On The Early Show Tuesday, co-anchor Harry Smith noted that someone who attended a screening of "W" with Smith left remarking that the film seemed "so sympathetic."

"I think there's confusion between sympathy and empathy," Stone said. "Empathy means understanding and, as a dramatist, it's my job to understand, to walk in the shoes of George W. Bush as best as I can.

"Sympathize, no. I do think he's hurt this country. I'm a Vietnam veteran. We should not have gone into the Iraq war. We were in three wars, not only Afghanistan and Iraq but, really, the war on terror is a major war. We've had an economic meltdown because of it, partly because of the overreach. And this country is in a very dire place, and I'm not happy about it. But, you know, people voted for him."

Stone pointed out, "I'm not the judge. I'm the dramatist. I'm putting out this story. It's one of the most incredible stories of the last 20 years. This guy, who is an improbable president, he came from very strange roots. And he's shaped and changed the world in these last eight years in ways that were inconceivable. He spoke for himself, the administration.

"It's not for me to -- you see the movie, you walk out and think about where we are now as a country, where we were eight years ago, and I think you come to your own conclusion."

Stone praised Josh Brolin, who played Mr. Bush, saying Brolin wasn't doing an imitation. "Josh is a wonderful actor," Stone observed. "He comes from theater. He's 40 years old. He's been through a tremendous life, much failure, like George Bush -- at the age of 40, he turned it around, George Bush. I think Josh is mature. I think he lived the role. He went into the role and he became... "

But Brolin displayed mannerisms similar to Mr. Bush, Smith asserted.

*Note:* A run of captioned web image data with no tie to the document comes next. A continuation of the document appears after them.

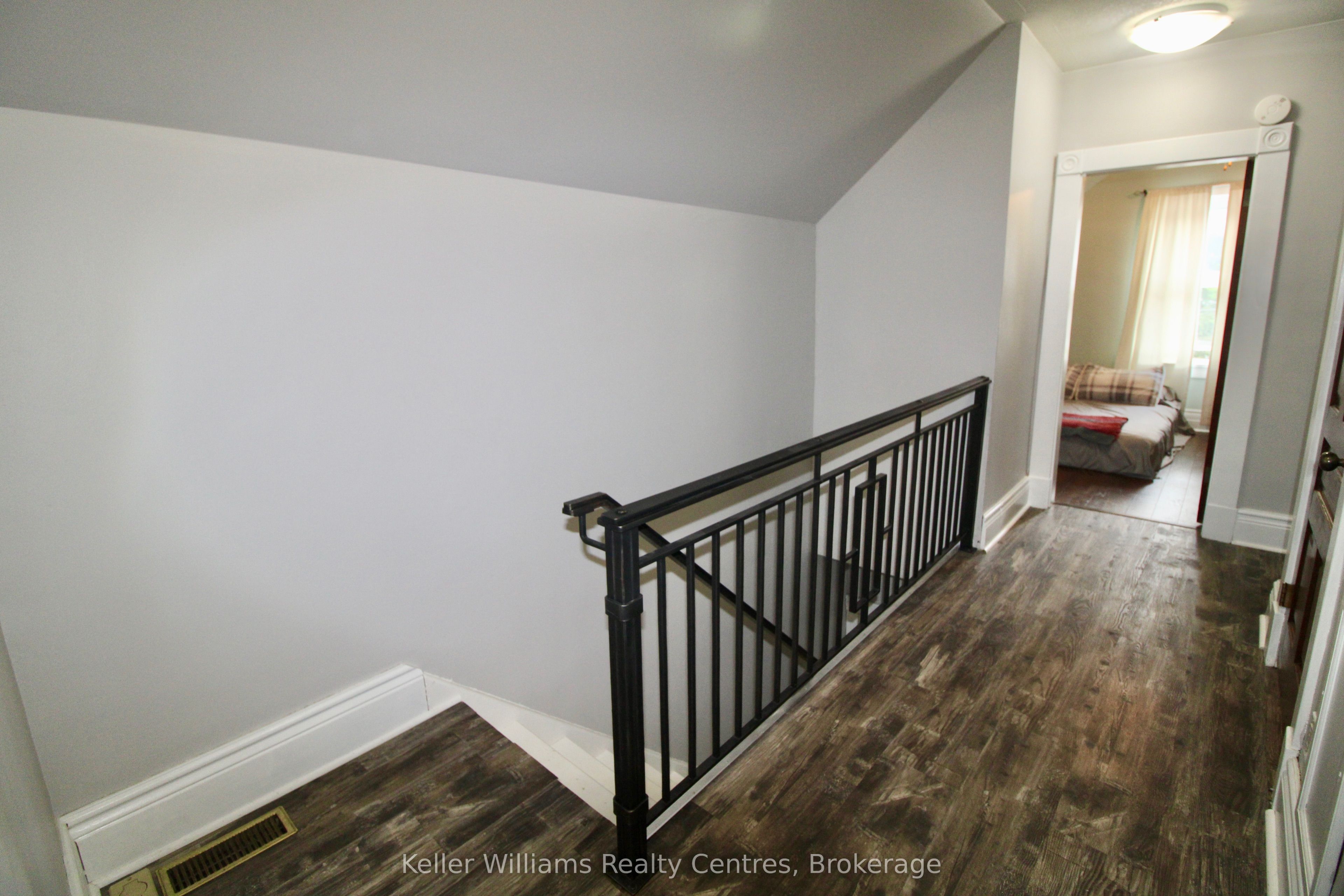 618 8th Avenue Property Photo 20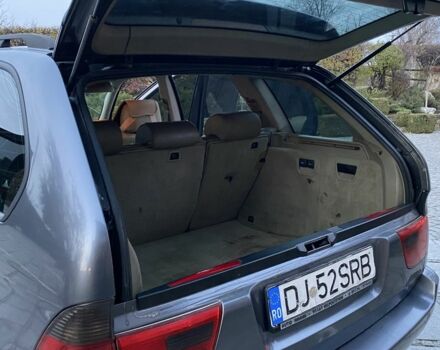 Серый БМВ Х5, объемом двигателя 3 л и пробегом 400 тыс. км за 4650 $, фото 10 на Automoto.ua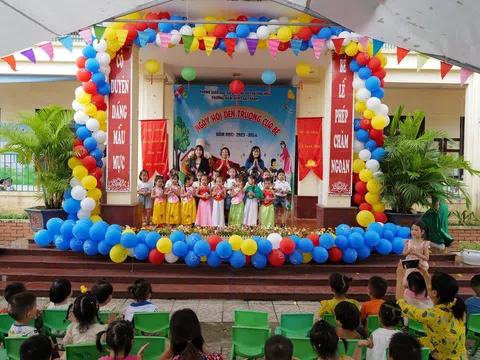 Hơn 11.000 trẻ em có hoàn cảnh khó khăn chào đón năm học mới với món quà đặc biệt từ Vinamilk.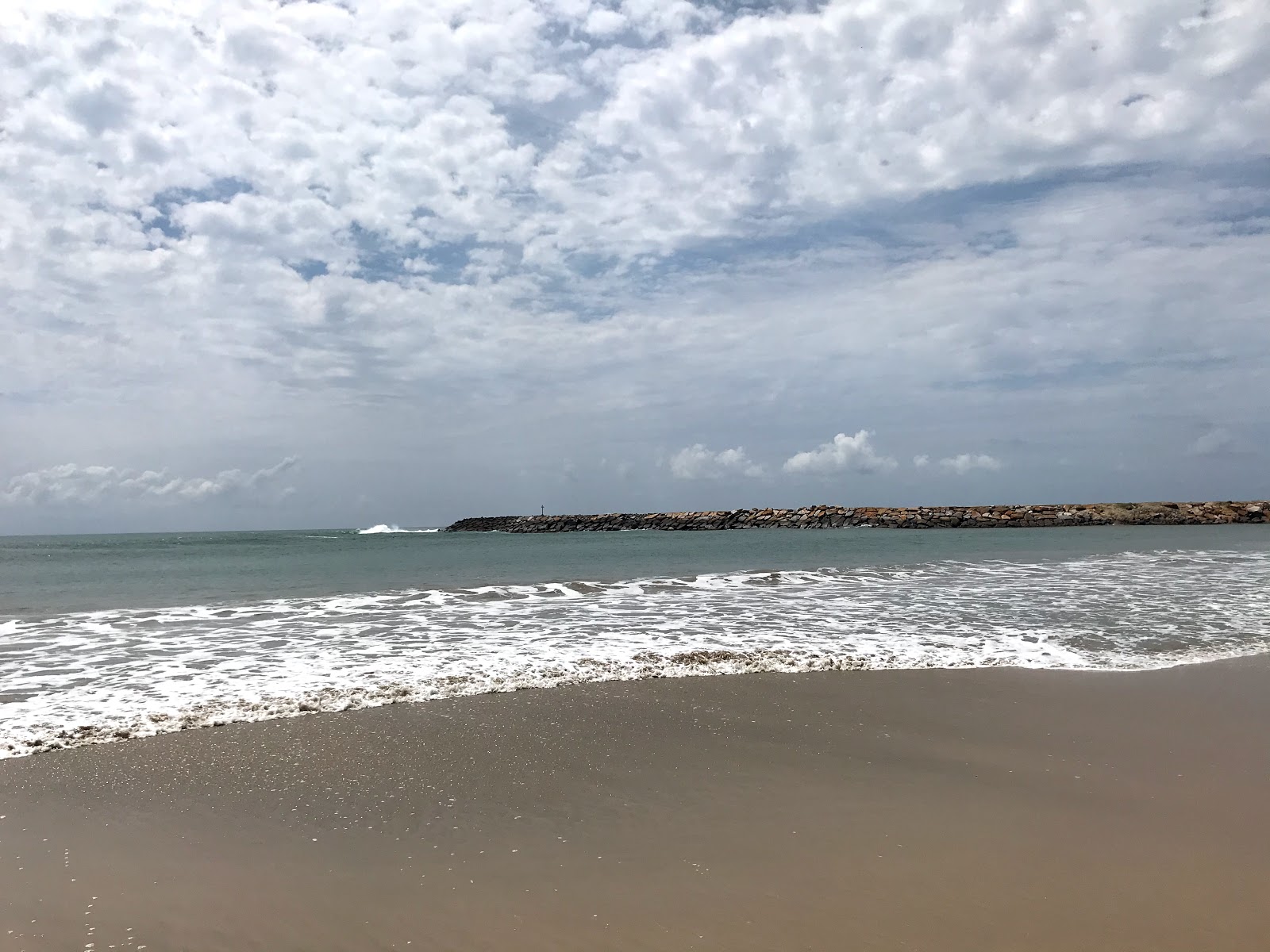 Foto von Kirinda Beach II mit beiger sand Oberfläche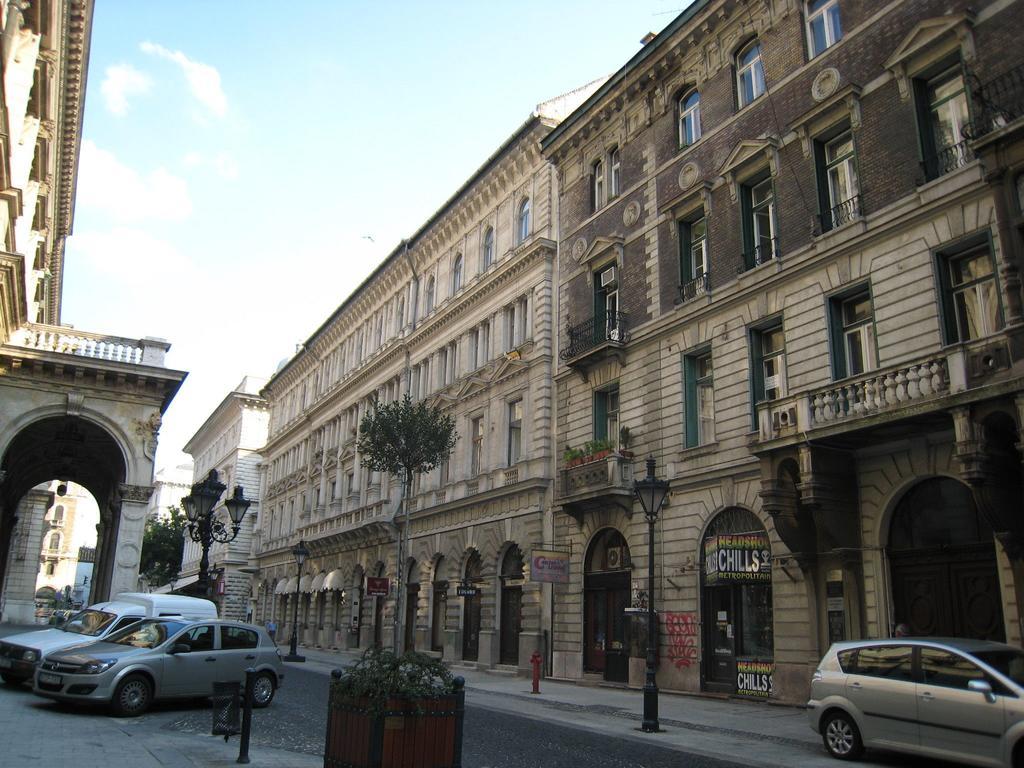 Zonaflat - Opera Apartment Budapest Luaran gambar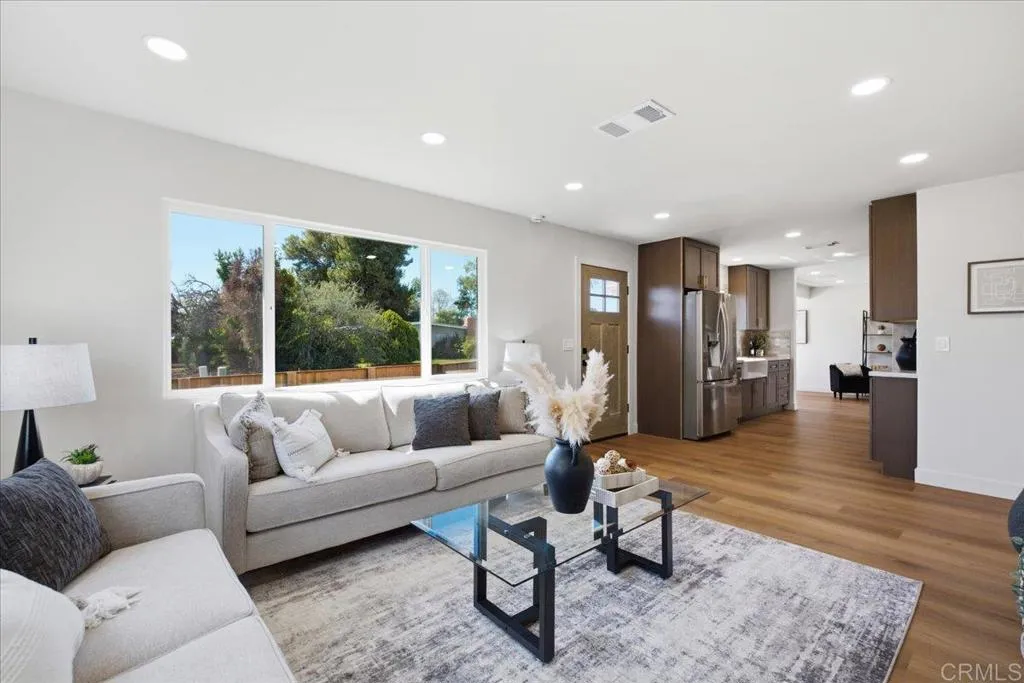 https://cdn.realtyfeed.com/cdn/127/307073176/3f1dfa1c2fc95ce054a1e5428632490b.webp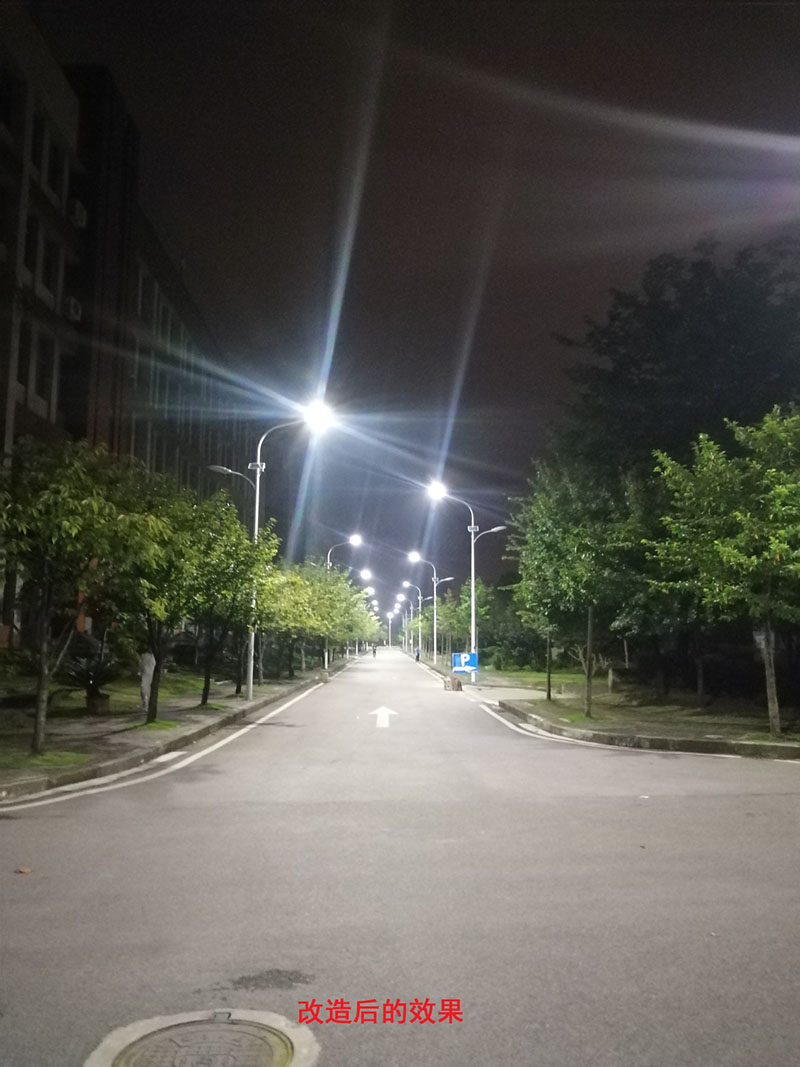 貴州某高校為本校區(qū)內(nèi)600多盞路燈更換LED燈頭及加裝太陽能LORA調(diào)光控制模塊，達(dá)到了節(jié)能和智能控制的目的。(圖9)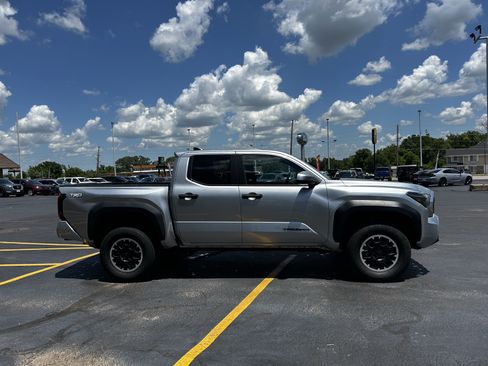 Used 2024 Toyota Tacoma TRD Off-Road AWD/4WD image 4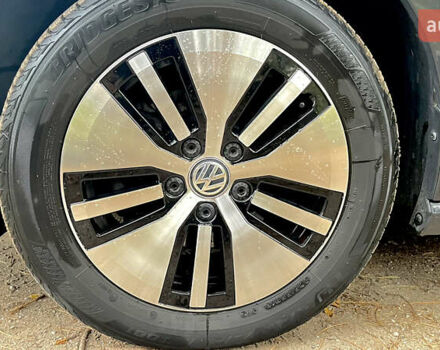 Серый Фольксваген e-Golf, объемом двигателя 0 л и пробегом 59 тыс. км за 15400 $, фото 7 на Automoto.ua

"Some," Stone replied, "but he didn't overdo it. It's easy to make fun of George Bush, and he's been an object of comedy -- for eight years, we've made fun of him. The truth is, you don't really know much about the man. People think they know him. The have opinions about him, but they haven't really walked in his steps.

"Those first three, four years of the presidency were very veiled, manufactured. Karl Rove... they kept everything... only in the last -- from about 2004, the book started to come, little by little -- (author Ron) Suskind, (Bob) woodward. They broke the ice."

Smith says, "This really is about who this person is. How he was formed, where he was formed. The Yale days. The relationship with his father. The relationship with his mother. The relaitonship with his wife."

"Yes," Stone agreed. "(All that is) crucial. It's a character study, because you wouldn't understand what happened on the march to Iraq, which is the climax of the movie. That's the third act. The first act is the recklessness of his youth and the wild times. And the second act is that governorship of Texas, owning the baseball team (the Texas rangers). You see the seeds of the man, how he develops. When he becomes president, for me, that's where the tension really pays off."